I'd like to split a regex onto multiple lines for clarity, but I'm not sure what the best way to do this is with raw strings.
SECT_EXP = (
r'^(?P<number>.+?[.]? {1,2}' # Begin number pattern match
r'(?P<sect_num>' # Begin section number match
r'(?P<full_num>' # Begin full number match
r'(?P<title>\d{1,2}?)' # Match title substring
r'(?P<chapter>\d{2})' # Match chapter substring
r')' # End full number match
r'[.]'
r'(?P<section>\d+)' # Match section substring
r')' # End section number match
r')' # End number pattern match
r'([.]?)[ ]*$' # Lazy matching end of strings
)
But do I need to prefix each string with r to make sure that the whole thing is processed as a raw string when implicit line joining is utilized?
From this page:
re.X
re.VERBOSE
This flag allows you to write regular expressions that look nicer. Whitespace within the pattern is ignored, except when in a character class or preceded by an unescaped backslash, and, when a line contains a '#' neither in a character class or preceded by an unescaped backslash, all characters from the leftmost such '#' through the end of the line are ignored.

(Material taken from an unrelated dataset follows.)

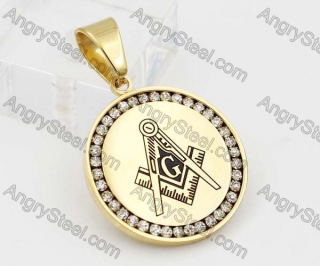 Gold Plating Steel Inlay Stones Masonic Pendant KJP640031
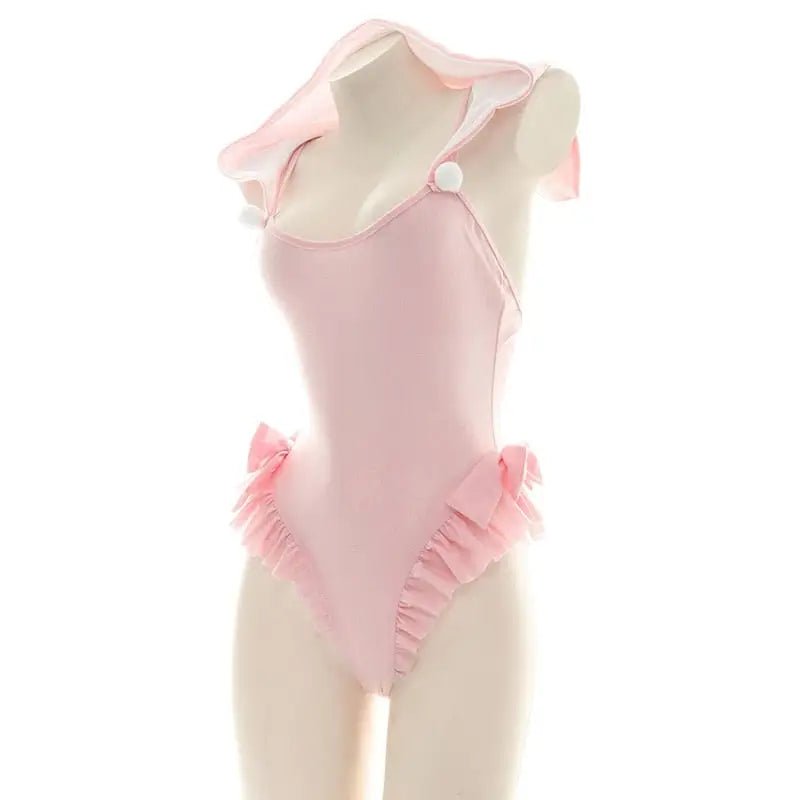 Kitty Cat Inspired Adult Onesie Swimwear with Bow and Frills - Cosparty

That means that the two following regular expression objects that match a decimal number are functionally equal:
a = re.compile(r"""\d + # the integral part
\. # the decimal point
\d * # some fractional digits""", re.X)
b = re.compile(r"\d+\.\d*")
As you can see, it is possible to use a triple-quoted string with the 'r' prefix, as seen above.